* _Task prompt_:
Could you write out exactly, and only, the lines from the one containing "Summit White 2019 GMC Sierra 1500 SLE" through the last line of the data, leaving out all pictures?
(Beginning of Material provided)
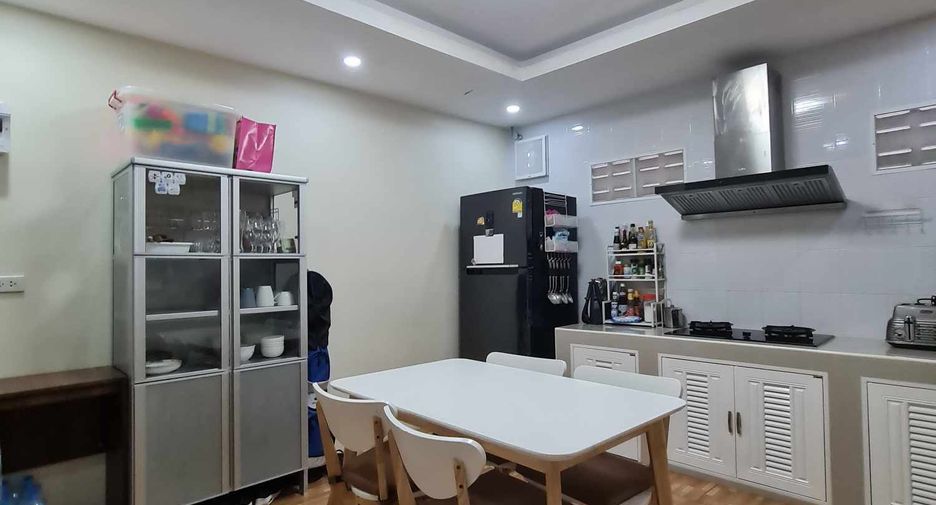 Gewerbefläche zum Kauf mit 3 Zimmer in Bang Lamung, Chonburi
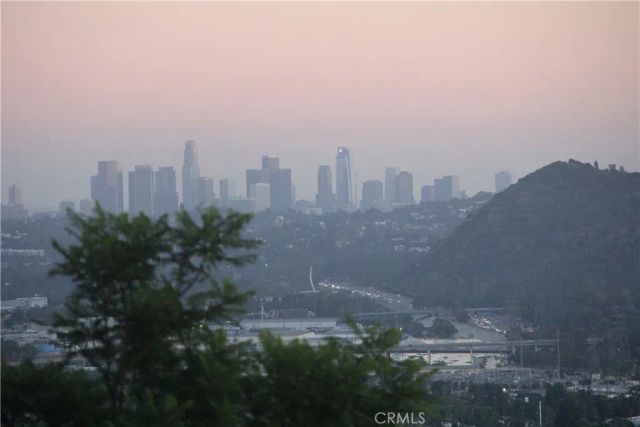 1345 Paseo Redondo, Burbank, CA 91501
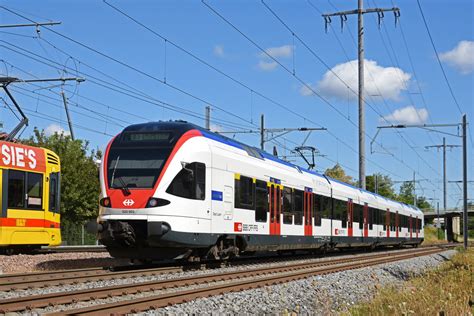 Rabe Auf Der S Verl Sst Den Bahnhof Dornach Bahnbilder De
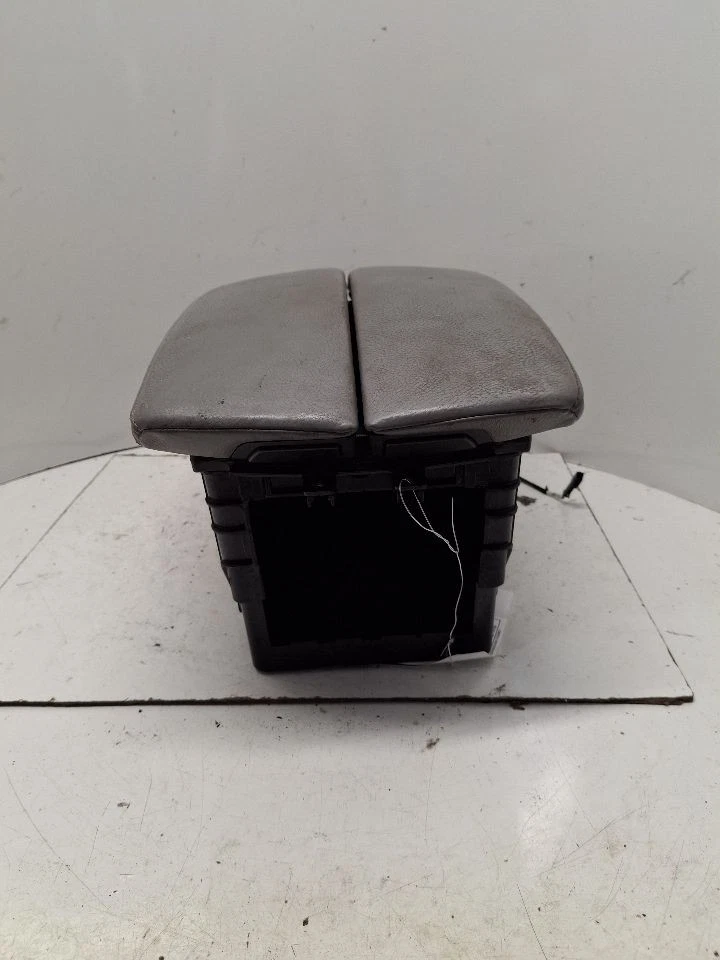 Console Front Floor Thru 9/09 Armrest Vinyl Fits 07-10 BMW X5 1384806 - Image 2 of 4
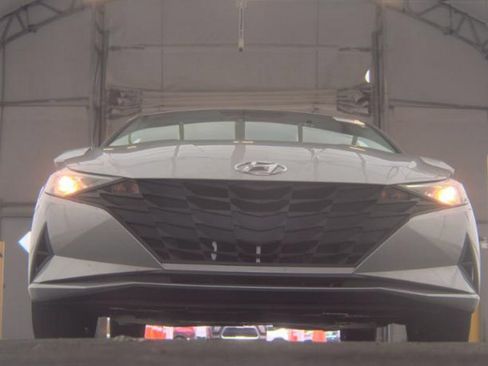 Used 2023 Hyundai Elantra SEL FWD image 3
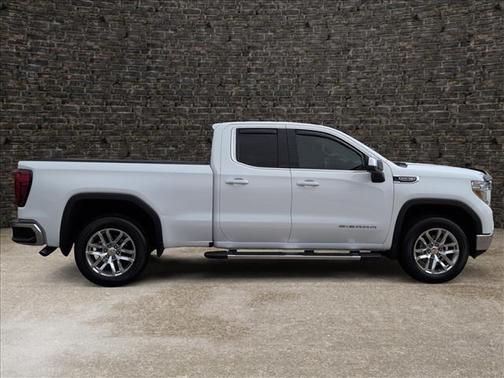 Summit White 2019 GMC Sierra 1500 SLE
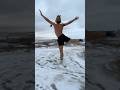 How People Think Canadians Act When It Snows Canadian Winter Funny Shorts 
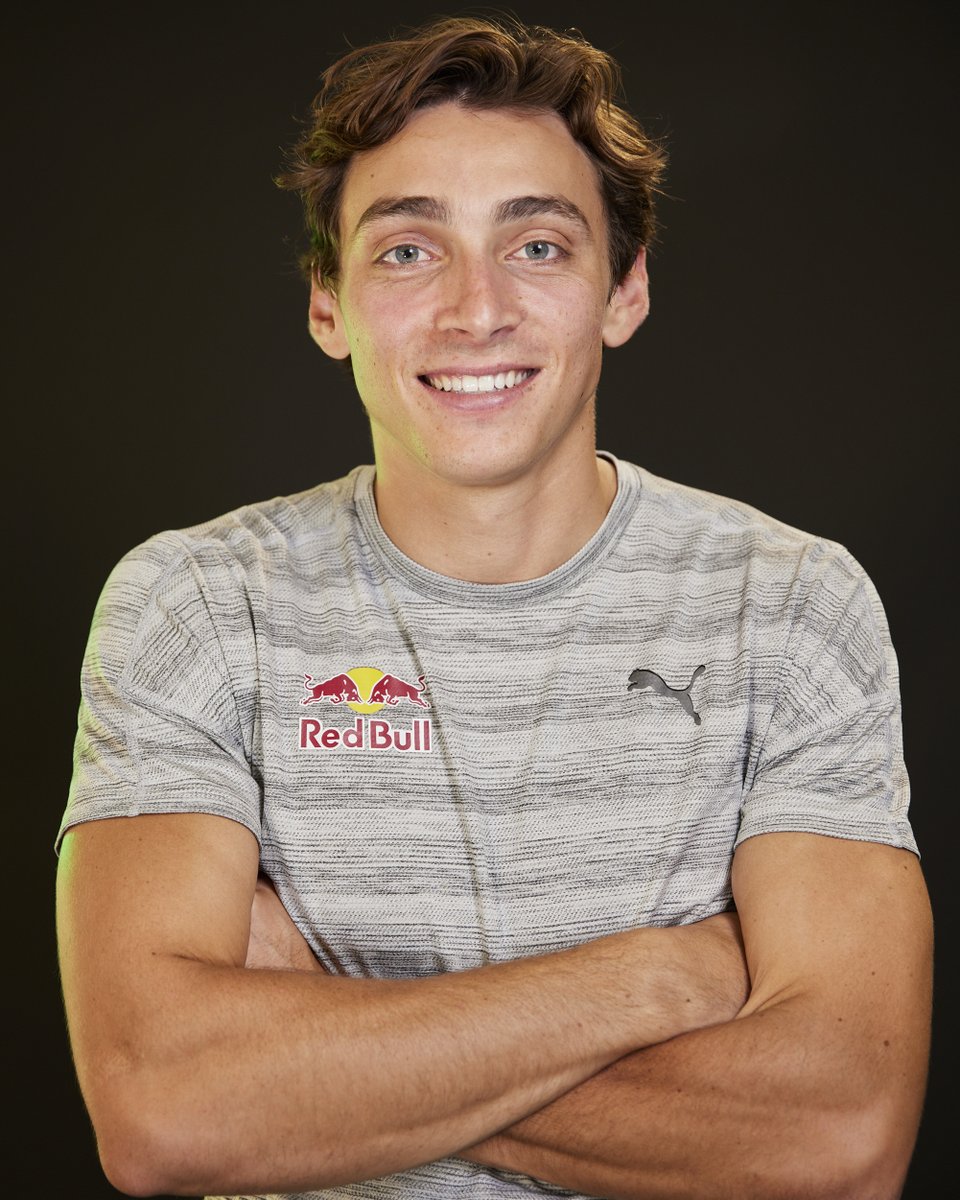 Smile if you're a 2023 <a href="/Diamond_League/">Wanda Diamond League</a> Champ! 💎

📷 <a href="/BAlyssaTrofort/">Bee Trofort-Wilson</a> 

#PreClassic #EugeneDL 🇺🇸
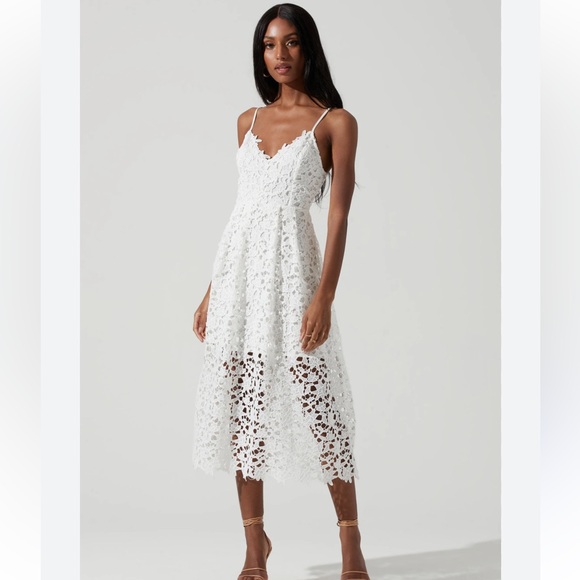 Astr Dresses & Skirts - ASTR the label‎ Lace A Line Midi Dress - White / Size M / Box 23-2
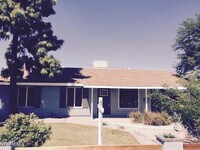 Building Photo - 1416 E Del Rio Dr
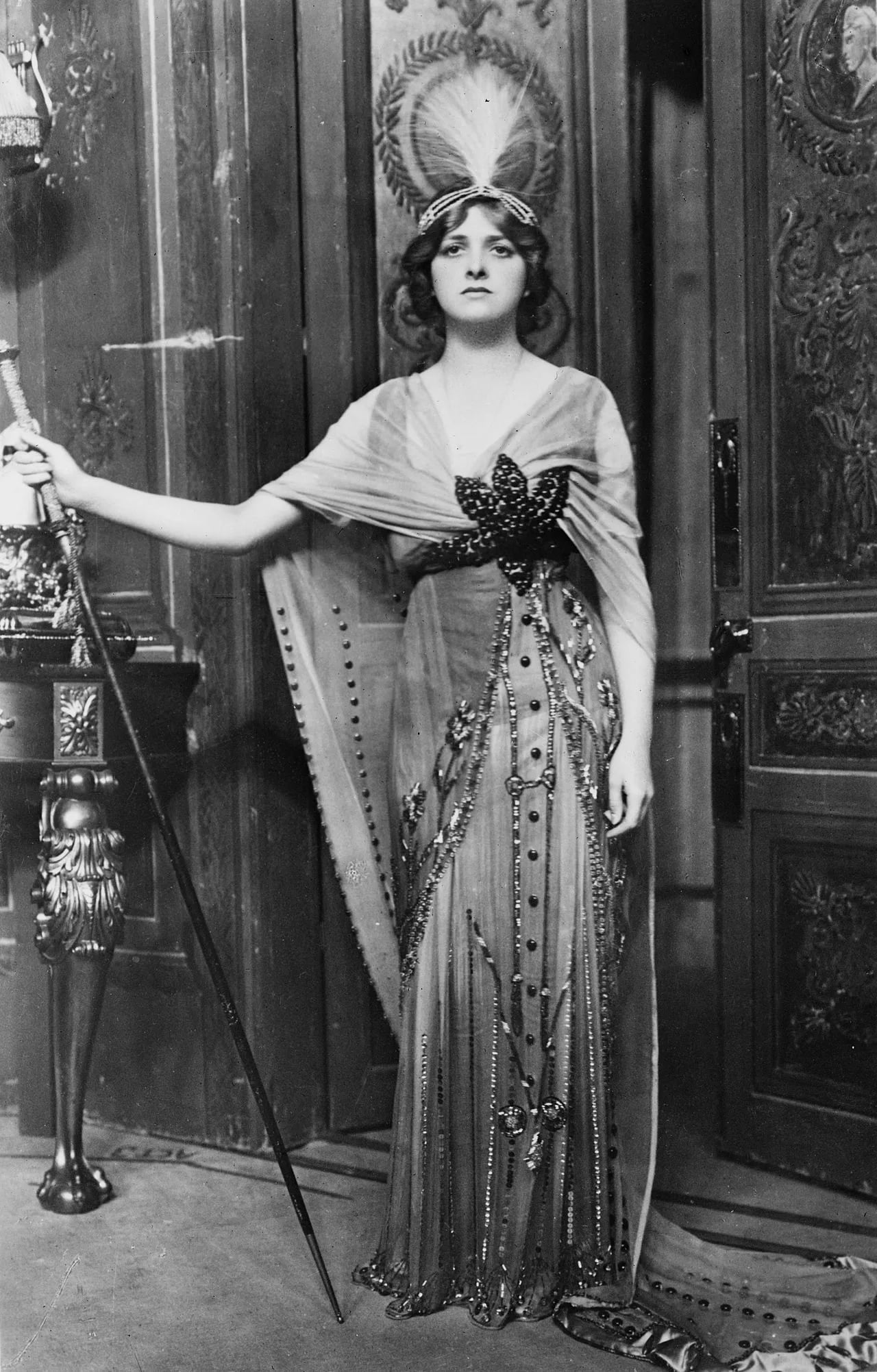 Porträt von Gladys Cooper (1888–1971) – Gedenkseite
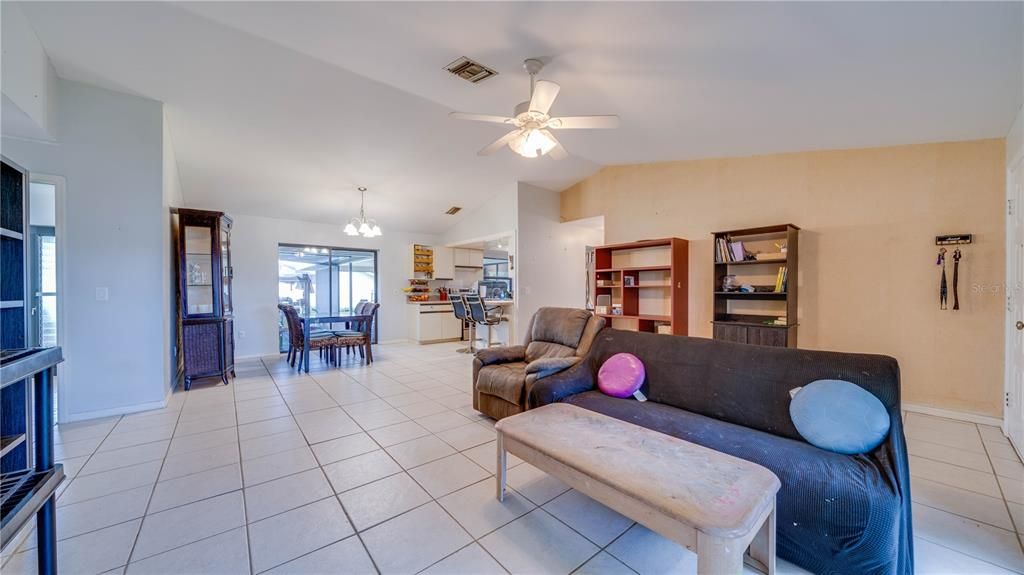 For Sale: $314,900 (3 beds, 2 baths, 1946 Square Feet)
(End of Material provided)
* _Task answer_:
 Summit White 2019 GMC Sierra 1500 SLE
 How People Think Canadians Act When It Snows Canadian Winter Funny Shorts 
 Smile if you're a 2023 <a href="/Diamond_League/">Wanda Diamond League</a> Champ! 💎

📷 <a href="/BAlyssaTrofort/">Bee Trofort-Wilson</a> 

#PreClassic #EugeneDL 🇺🇸
 Astr Dresses & Skirts - ASTR the label‎ Lace A Line Midi Dress - White / Size M / Box 23-2
 Building Photo - 1416 E Del Rio Dr
 Porträt von Gladys Cooper (1888–1971) – Gedenkseite
 For Sale: $314,900 (3 beds, 2 baths, 1946 Square Feet)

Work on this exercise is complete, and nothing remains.